Sampling Estimates of Variance#

The Monte Carlo method can be used to estimate the variance of a quantity of interest, e.g.,

\[ V = \mathbb{V}[g(X)], \]

where \(g(x)\) and \(X\) are as defined in the previous page. The idea is to express the variance using expectations. Recall that:

\[ V = \mathbb{V}[g(X)] = \mathbb{E}[g^2(X)] - \left(\mathbb{E}[g(X)]\right)^2. \]
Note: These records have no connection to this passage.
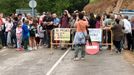 Protesta organizada en junio por la asociacin de padres del colegio de Seoane do Courel en protesta por el retraso en las obras de la carretera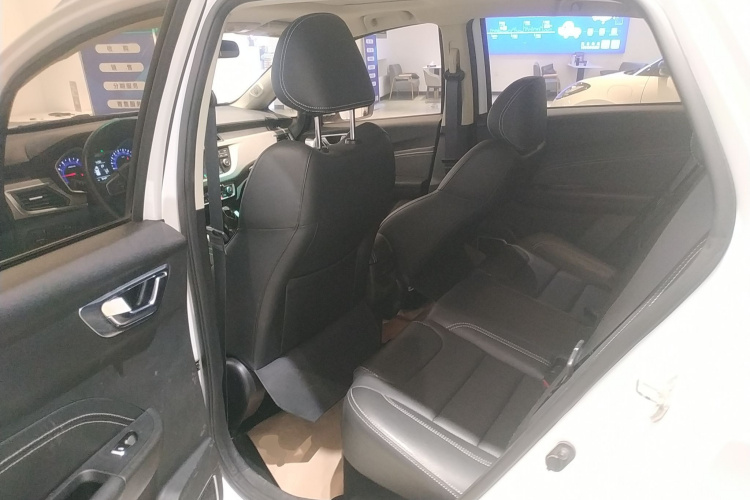 吉利汽车 远景X3 2017款 1.5L 自动尊贵型中控内饰21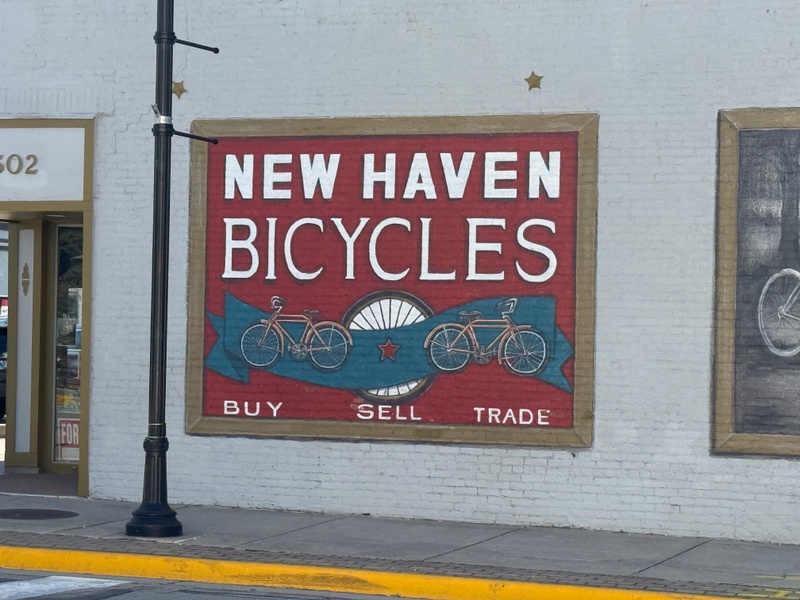 mural in New Haven by artist unknown.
We already know how to estimate the last term; see the definition of \(\bar{I}_N\) in the previous subsection. Consider the random variables \(g^2(X_1),g^2(X_2),\dots\) to approximate the other term. These are independent and identically distributed, so by the law of large numbers, we get that:

\[ \frac{g^2(X_1)+\dots+g^2(X_N)}{N}\rightarrow \mathbb{E}[g^2(X)]\;\text{a.s.} \]

Putting everything together, we get that:

\[ \bar{V}_N = \frac{1}{N}\sum_{i=1}^Ng^2(X_i) - \bar{I}_N^2\rightarrow V\;\text{a.s.} \]

Note

We have constructed a biased estimator of the variance. This means that the expected value of the estimator is not equal to the true variance. The formula for the unbiased estimator is:

\[ \bar{V}_N = \frac{1}{N-1}\sum_{i=1}^N\left[g(X_i) - \bar{I}_N\right]^2. \]
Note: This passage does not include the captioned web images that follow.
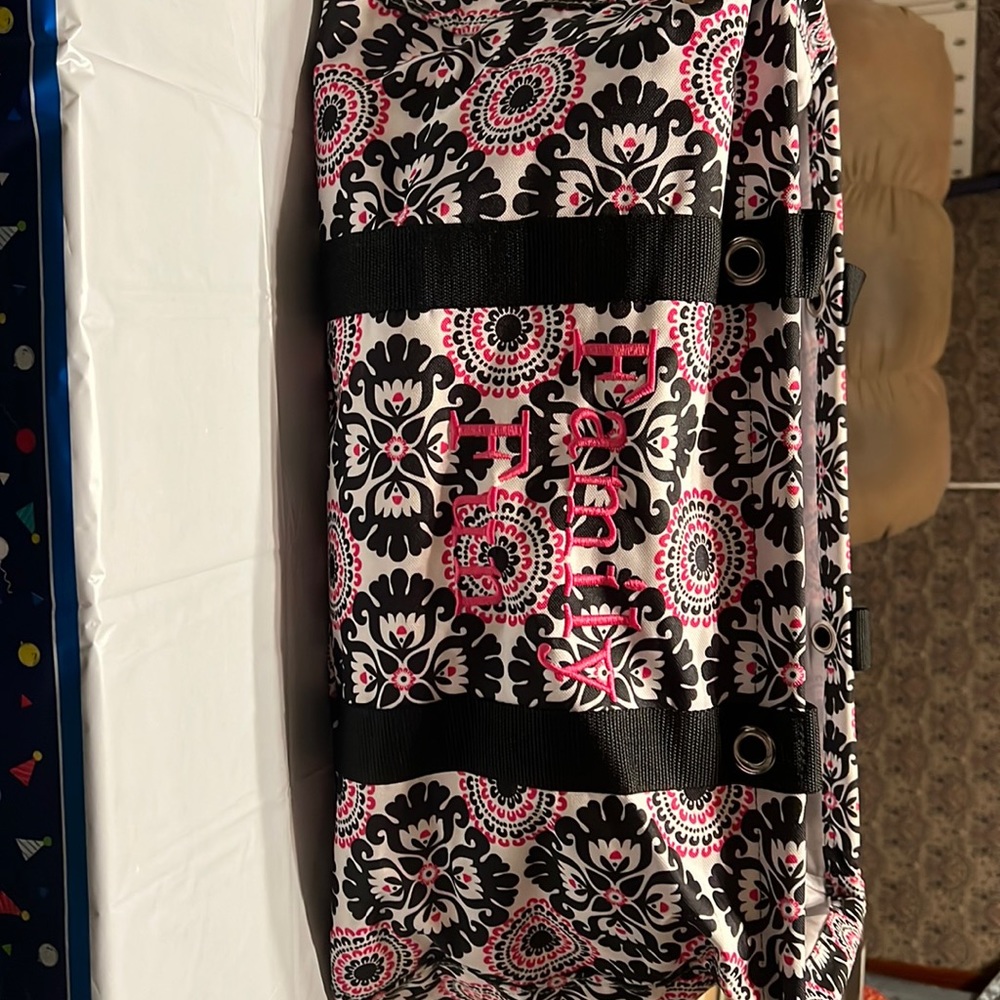 Large thirty-one tote. Embroidered in pink Family Time.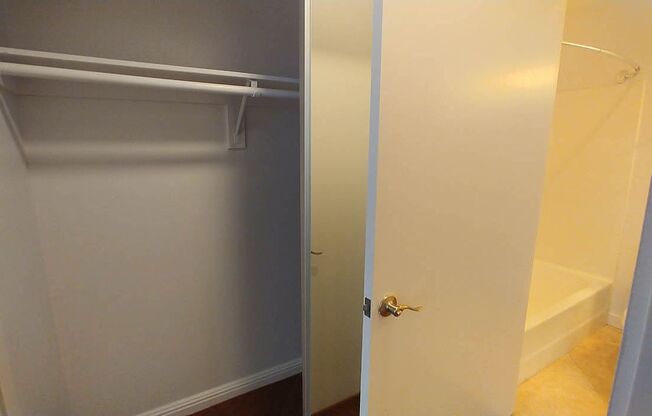 2 beds, 1 bath, 925 sqft, $2,850, Unit 307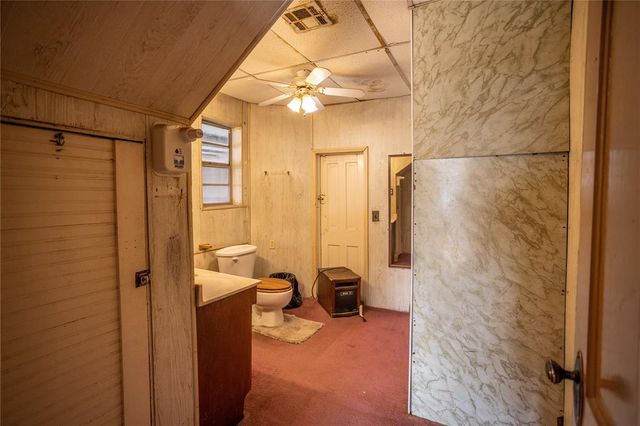 607 E C Street, Arapaho, OK 73620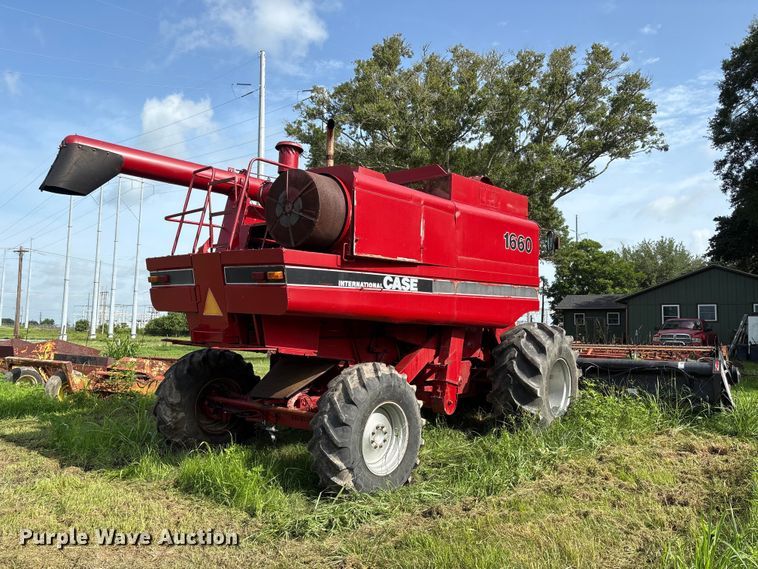image for item EU0708 Case IH 1660 RWA combine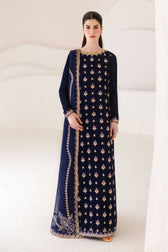 img_emaan_adeel_velvet_collection_awwal_boutique
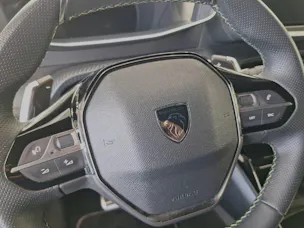 PEUGEOT 208 1.2 Hybrid 145 PS GT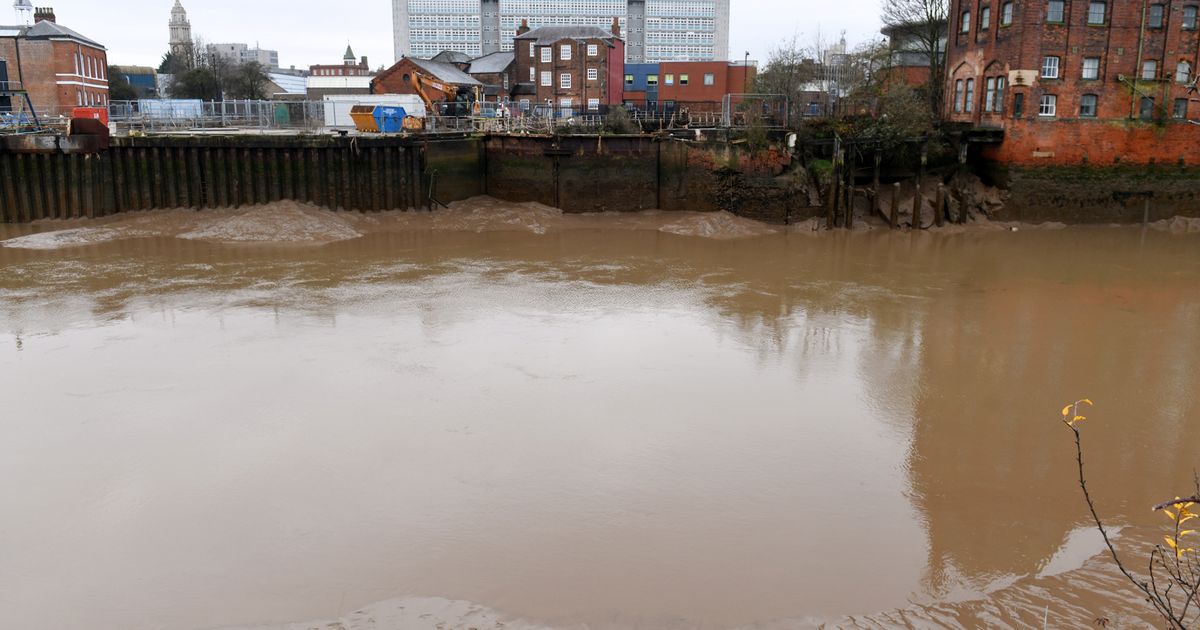 Police uncover cannabis farm and make further arrests after two men entered River Hull following pursuit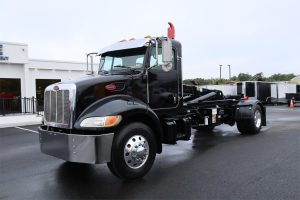 2007 PETERBILT 335 9018425797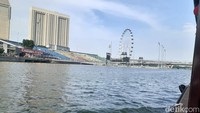 Pemilik tiket VIP Formula 1 GP Singapura 2022 menaiki traditional bumboat menyeberangi kawasan Marina Bay pada pukul 5 sore menuju Gate 10, yang merupakan pintu masuk untuk penonton di Sky Suite.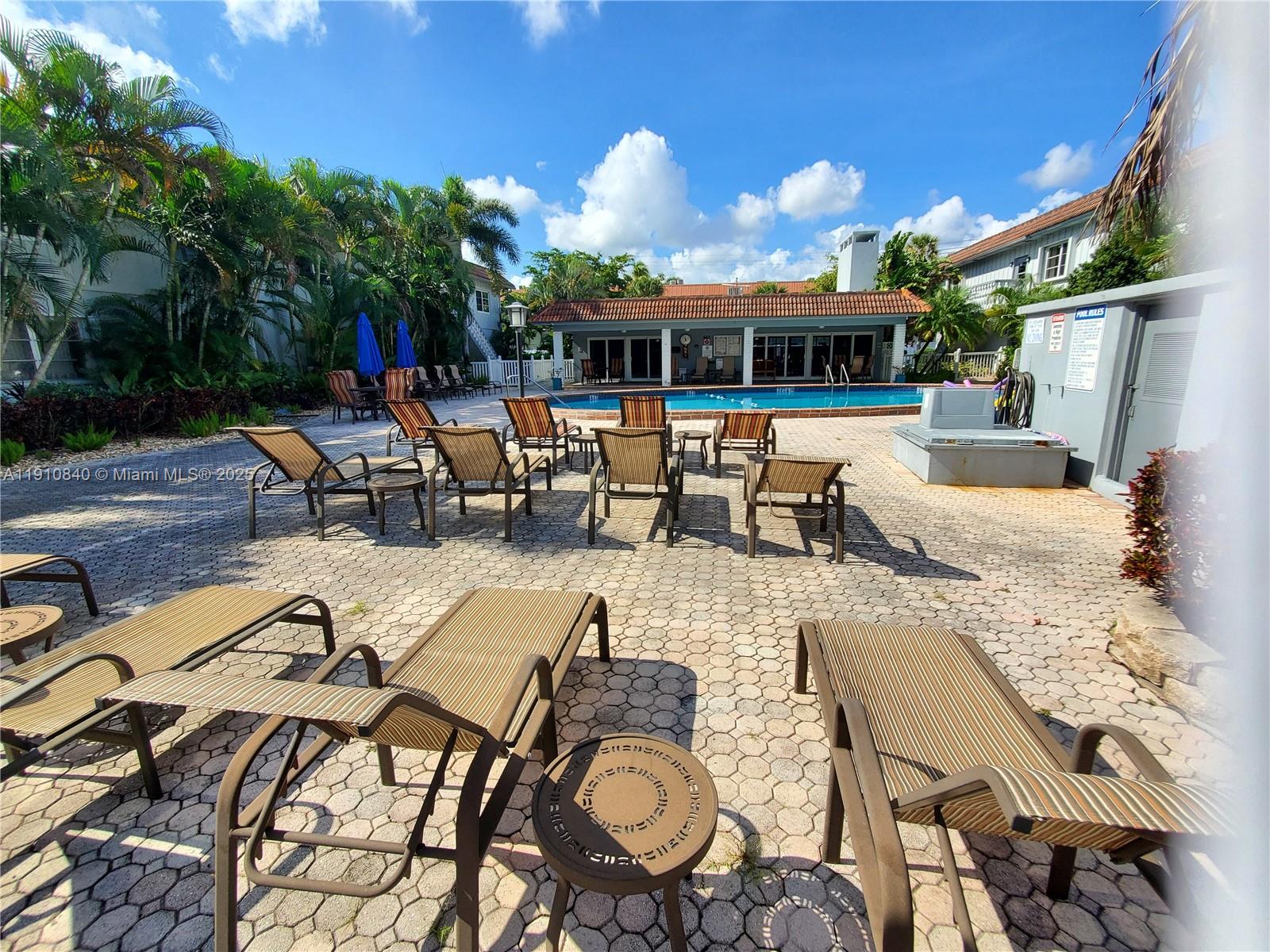 OAKLAND GROVE VILLAGE CON - Residential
However, the biased estimator is more commonly used in practice. And it is essentially the same as the unbiased estimator when \(N\) is large. If you want to learn more about unbiased estimators, see this Wikipedia article. You learn about things like this in a course on mathematical statistics.

Example: 1D variance#

Let’s try it out with the same example as before (Example 3.4 of Robert & Casella (2004)). Assume that \(X\sim\mathcal{U}([0,1])\) and pick:

\[ g(x) = \left(\cos(50x) + \sin(20x)\right)^2. \]

The correct value for the variance is:

\[ \mathbb{V}[g(X)] \approx 1.093. \]

Let’s find a sampling average estimate of the variance:

import numpy as np

# Define the function
g = lambda x: (np.cos(50 * x) + np.sin(20 * x)) ** 2

# Number of samples to take
N = 100
# Generate samples from X
x_samples = np.random.rand(N)
# Get the corresponding Y's
y_samples = g(x_samples)
# Evaluate the sample average E[g(X)] for all sample sizes
I_running = np.cumsum(y_samples) / np.arange(1, N + 1)
# Evaluate the sample average for E[g^2(X)] for all sample sizes
I2_running = np.cumsum(y_samples ** 2) / np.arange(1, N + 1)
# Build the sample average for V[g(X)]
V_running = I2_running - I_running ** 2

Plot a running estimate of the variance:

fig, ax = plt.subplots()
ax.plot(np.arange(1, N+1), V_running, label="Running variance estimator")
ax.plot(np.arange(1, N+1), [1.093] * N, color='r', label="Exact value")
ax.set_xlabel(r"Samples ($N$)")
ax.set_ylabel(r"Estimate ($\bar{V}_N$)")
plt.legend(loc="best", frameon=False)
sns.despine(trim=True);
../_images/7200d767d4296461f78b57c07ca497eb9089a0ea7bb3186098807b960611ad70.svg

Questions#

  • Increase N until you get an answer close enough to the correct answer (the red line).

  • Reduce N back to a small number, say 1,000. Run the code 2-3 times to observe that you get a slightly different answer every time.